It is more importantly historical than mere newsflash that an openly gay, same-sex married man from South Bend, Indiana, is proving a viable and preferable choice in the world’s most diverse, most crowded, and ever-expanding Democratic field to win his party’s nomination. The fact of his astounding ascendency is in and of itself quite rewarding, isn’t it?
As markers of our resistance and persistence become celebrated monuments—the Stonewall Inn is now a National Historic Landmark, the AIDS Memorial Quilt’s archives are now part of the Library of Congress, and millions of travelers from around the world will soon walk through the Harvey Milk Terminal 1 at San Francisco International Airport—the emergence of an LGBT presidential candidate seems right on time.
Of course, like a rocketing Formula One on the Indy 500 Speedway, there have been and continue to be some skids, scrapes, and near spinouts along the accelerated ride to numero uno for Mayor Pete.
It appears that, for the most part, since Mayor Pete’s entry onto the national stage as an openly gay, Harvard educated, Rhodes Scholar, military veteran, Christian, son of an immigrant, young Mayor of South Bend, Indiana, and near millennial-aged presidential candidate, the issue of his status as a gay man has lit little fire under the very tired narrative that suggests that African Americans would automatically oppose his candidacy or election because he is gay. Cursory attempts to bog down his entry in that old quagmire basically proved a non-starter to any real concerns as to why particularly older African Americans might not readily jump the Biden train for Mayor Pete. It wasn’t just due to blind loyalty to Biden or other better-known candidates.

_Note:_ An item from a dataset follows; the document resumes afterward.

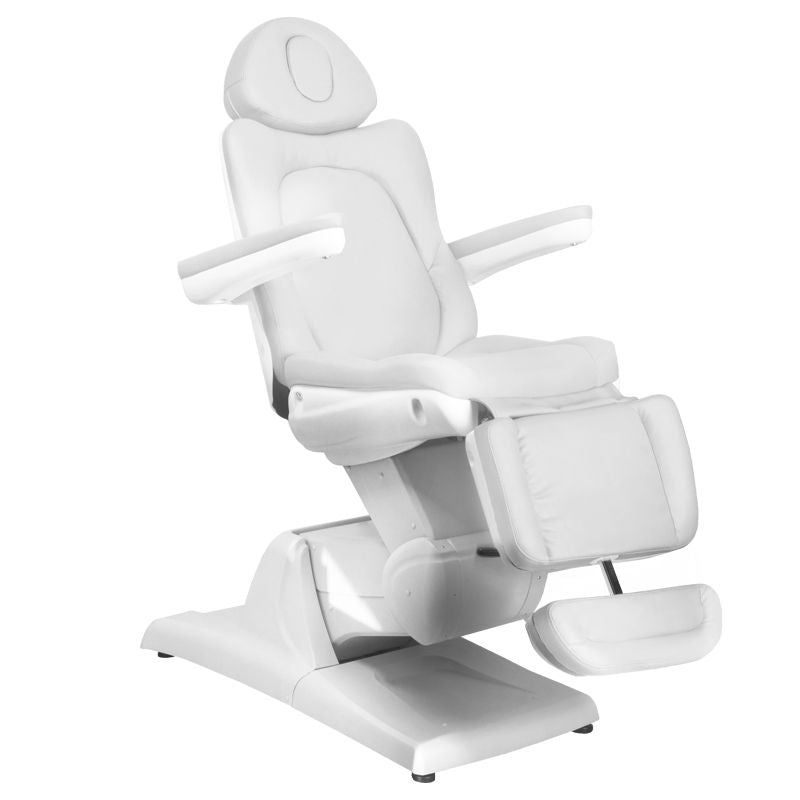 Azzurro 870 3-Motor Electric Beauty Chair White - full product view on a white background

What was quickly revealed about Mayor Pete, as an initially unknown semi-urban mayor from Indiana, did not make for an ideal introduction to a national Black audience. For one, his admittedly rocky community relations record with the African American community in South Bend, and his seeming lack of any connection with or real interest in African Americans, or any communities of color as mayor or elsewhere in his life’s journey, were of aggregated concern.
Realizing and acknowledging this relationship deficit in his storyline and ambitious political quest, team Mayor Pete vowed to make progressive moves towards making him respectfully known to Black folks. His Douglas Plan: A Comprehensive Investment in the Empowerment of Black America to intentionally dismantle “racist structures and systems combined with equally intentional and affirmative investment of unprecedented scale in the freedom and self-determination of Black Americans” presented a reasonably well-informed and substantive better than average grasps of the issues concerning Black America, and critical response. Mayor Pete seems to get it, at least on paper.
However, stumbles like the unfortunate tackiness of his campaign’s use of a stock photo of a Kenyan woman in materials meant to composite African American women was as cringeworthy as it was sadly laughable. What? Dude, we know you are polling at 0% with African Americans, but you all don’t have ONE sister on your team, in your corner, in South Bend, who could represent? Not one? It was a truly, truly sad reminder and exposure of the work ahead for you to demonstrate the inclusivity and diversity of support you promote and need. Or, maybe you think you don’t need it? You do. Come on, you can at least average 4% national African American support by February.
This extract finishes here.